Kleve Anwalt kümmert sich um Hund, während Herrchen in U-Haft sitzt

Kleve · Wer im Gefängnis landet, wird von jetzt auf gleich aus dem Alltag gerissen. Da bleibt vieles zurück - auch Haustiere. Der Anwalt Karl Haas aus Kleve kümmert sich um Hund Sammy, während sein Herrchen in U-Haft sitzt. Normal ist das nicht.

 Kümmert sich um Sammy während das Herrchen in Haft sitzt: Anwalt Dr. Karl Haas.

Kümmert sich um Sammy während das Herrchen in Haft sitzt: Anwalt Dr. Karl Haas.

Foto: Evers, Gottfried

Als die Polizisten die Wohnungstür öffnen, kläfft Sammy sie an. Der Hund kann noch nicht ahnen, dass er bald ganz woanders liegen wird. Nämlich unter diesem weißen Schreibtisch von Karl Haas, nicht weit von der Klever Schwanenburg. Der Schäferhund-Mischling mit den Schlappohren ruht dort jetzt selig auf dem Büroteppich. Es ist fast so, als wäre Sammy schon immer da gewesen. Dabei sollte der Hund eigentlich bei seinem Herrchen sein - doch das sitzt in Untersuchungshaft.
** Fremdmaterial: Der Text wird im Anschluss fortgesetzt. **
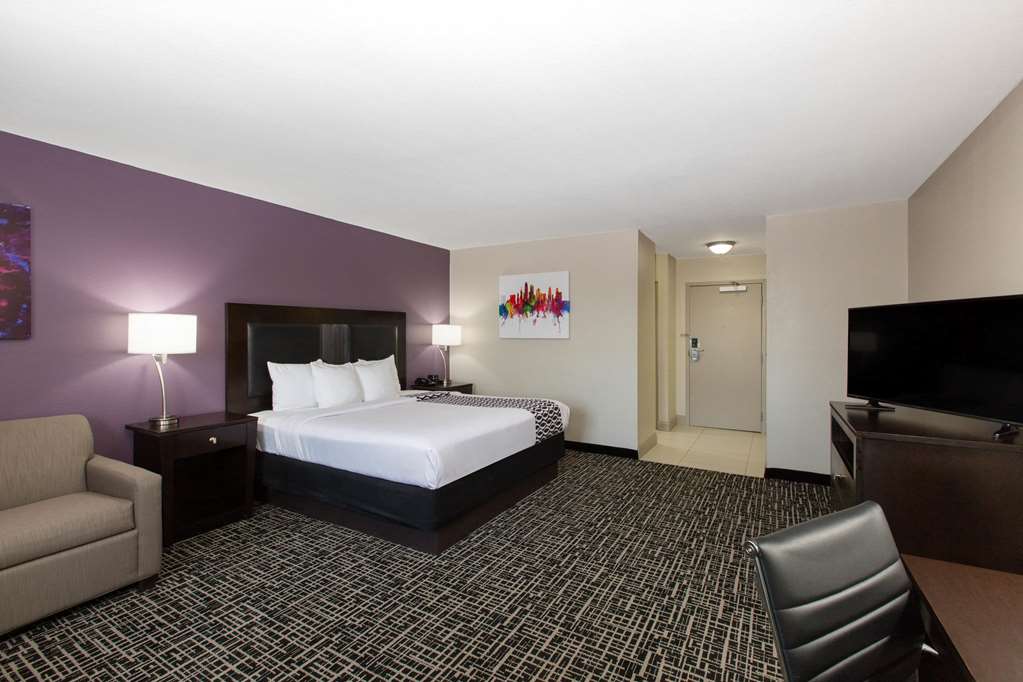 La Quinta Inn & Suites by Wyndham Blue Springs - photo 23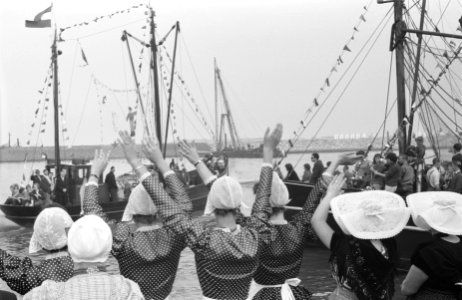 Vlaggetjesdag in Den Oever . Meisjes wuiven boot na, Bestanddeelnr 912-8945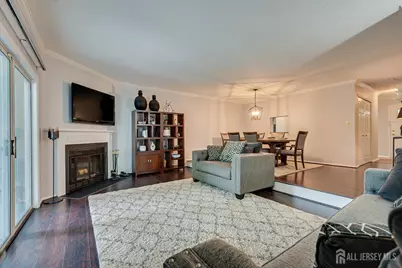 26 Townsend Court, Franklin Township, NJ 08823 - Photo 10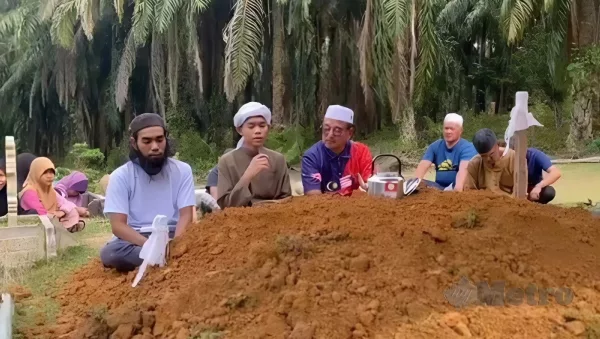 Sebak Menahan Tangis, Suasana Hiba Ketika Abang Baca Talkin Di Pengebumian Adik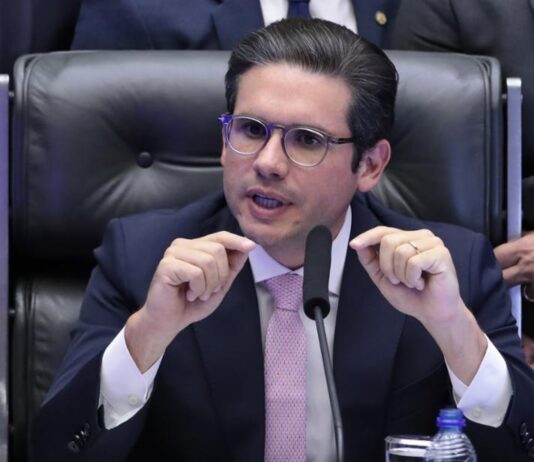 Motta confirma que PL antifacção será votado nessa terça-feira.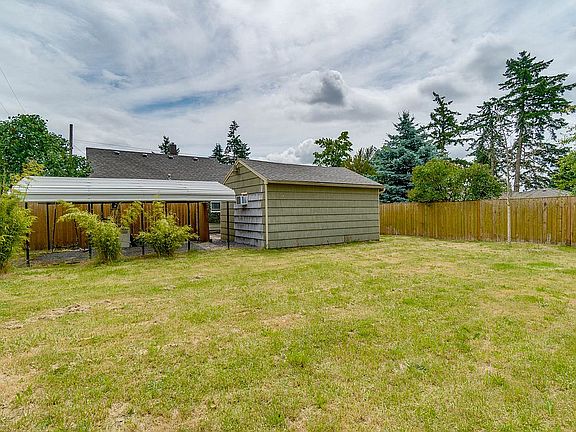 Big fenced back yard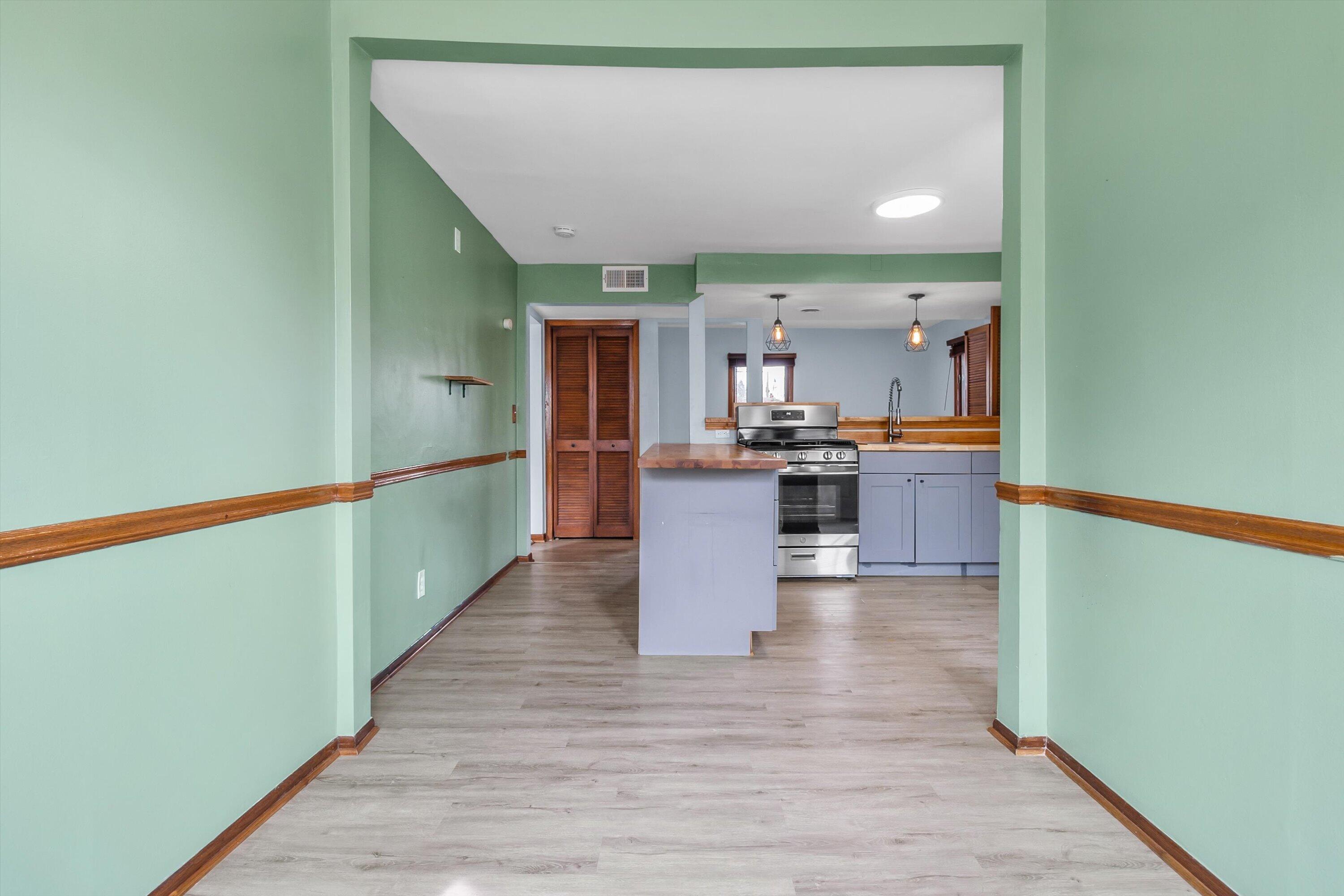 162 North 74th Street Milwaukee, WI 53213 - Photo 13 of 31 17-E6A6490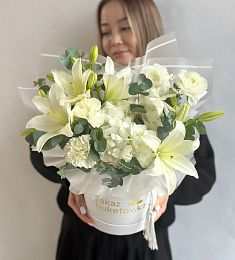 Композиция "Celestial Euphoria" из гортензии, гвоздик, лилий и ранункулюсов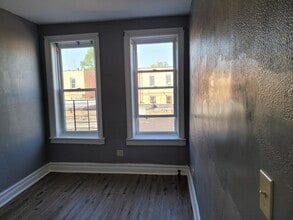 151 E 95th St, Unit 2R in Brooklyn, NY - Building Photo - Building Photo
Wer im Gefängnis landet, der mag vielleicht gewusst haben, dass das passieren kann - doch vorbereitet ist er meistens nicht. Rechnungen wollen bezahlt werden, Oma sitzt im Seniorenheim und macht sich Sorgen, weil der allabendliche Anruf nicht kommt, oder - wie im Fall von Sammy - der Hund wartet zuhause auf sein Herrchen.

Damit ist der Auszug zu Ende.